Cornell Law - Easement

What Is an Easement?

An easement is a legal agreement that allows someone else the right to access your property for a limited and specific purpose.

One of the most common examples is a utility easement. Public utility companies often have access to private property in order to build and maintain electrical poles or run natural gas pipes on a property.

Another example of an easement is when you have the right to enter or cross over someone else's property in order to enter your own property. Now we will examine the different categories easements can fall into.

Positive and Negative Easements

There are two broad categories of easements: negative and positive.

A positive easement (also called an affirmative easement) allows the easement holder the legal right to do something on the easement grantor's land.

This right might be, for example, to walk or drive through the grantor's property on the way to your own land. The party that benefits from the easement –in this case, the party that can use the other property– is called the dominant estate.

In contrast, a negative easement gives the easement holder the right to prevent the easement grantor from doing something on their property, such as building a structure that blocks sunlight or a scenic view. The party that must allow the other party to use their property is called the servient estate.

What Are the Different Types of Easements?

Under those broad distinctions, there are several types of easements. Here are the ones property owners are most likely to encounter when selling or purchasing real estate.

Utility easement

A utility easement gives public utility workers legal access to private property for the purpose of installing or maintaining equipment.

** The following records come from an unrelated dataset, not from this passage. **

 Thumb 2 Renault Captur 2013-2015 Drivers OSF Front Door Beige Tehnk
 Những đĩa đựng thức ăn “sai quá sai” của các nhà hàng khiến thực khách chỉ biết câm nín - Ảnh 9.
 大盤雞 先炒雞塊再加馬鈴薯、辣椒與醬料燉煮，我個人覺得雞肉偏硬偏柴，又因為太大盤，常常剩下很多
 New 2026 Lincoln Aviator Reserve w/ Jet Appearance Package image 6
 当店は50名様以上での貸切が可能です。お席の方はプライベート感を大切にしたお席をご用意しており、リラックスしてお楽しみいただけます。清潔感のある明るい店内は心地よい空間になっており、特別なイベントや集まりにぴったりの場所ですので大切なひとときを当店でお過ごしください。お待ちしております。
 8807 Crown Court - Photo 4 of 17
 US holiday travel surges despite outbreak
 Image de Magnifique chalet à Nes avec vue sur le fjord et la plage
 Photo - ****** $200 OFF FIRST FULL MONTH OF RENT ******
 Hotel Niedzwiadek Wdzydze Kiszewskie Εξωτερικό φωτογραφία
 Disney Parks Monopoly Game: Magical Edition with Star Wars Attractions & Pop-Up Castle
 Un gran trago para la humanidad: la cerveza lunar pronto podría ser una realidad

Some utility easements put limits on what property owners can and cannot do on their property. For instance, a utility easement may specify that you cannot plant trees or build structures that could interfere with power lines.

Private easement

A private easement is given or sold by one property owner to another party, often a neighboring property owner. For example, a neighbor may want to cross your land to reach a nearby pond or trail system.

You have the right to either grant or refuse a private easement. However, a private easement can affect future owners of your property. Homebuyers should always check for the existence of private easements before buying a property.

Easement in gross

An easement in gross is an agreement between two different parties that is not tied to the future of the property, but rather to the individual who makes the agreement.

This type of easement is typically considered irrevocable for the grantor's life, but it can be regarded as void if that individual sells the property in question.

Here's an example of an easement in gross: a homeowner allows a neighbor to use a path through the homeowner's property as a shortcut to the neighbor's property. If the easement grantor passes away or sells the property, the new property owner may choose not to honor the agreement.

Another example is that a utility company that has an easement of gross cannot transfer that right to another company without the property owner's consent.

Easement appurtenant

Unlike an easement in gross, an easement appurtenant is tied to the land and is transferred with the deed to the property.

An example of an easement appurtenant is a footpath through your property that allows other community residents access to a public beach. This easement would be listed on the title to the property and would transfer to any new owner.

Easement by prescription

An easement by prescription (also called a prescriptive easement) is created when someone has been using another person's land for a continuous and uninterrupted period of time as if an easement existed.

For example, someone could file for an easement by prescription to continue using your dock or a path through your property. Typically, the ongoing use of the property needs to have been obvious and observable for a number of years, which can vary by state.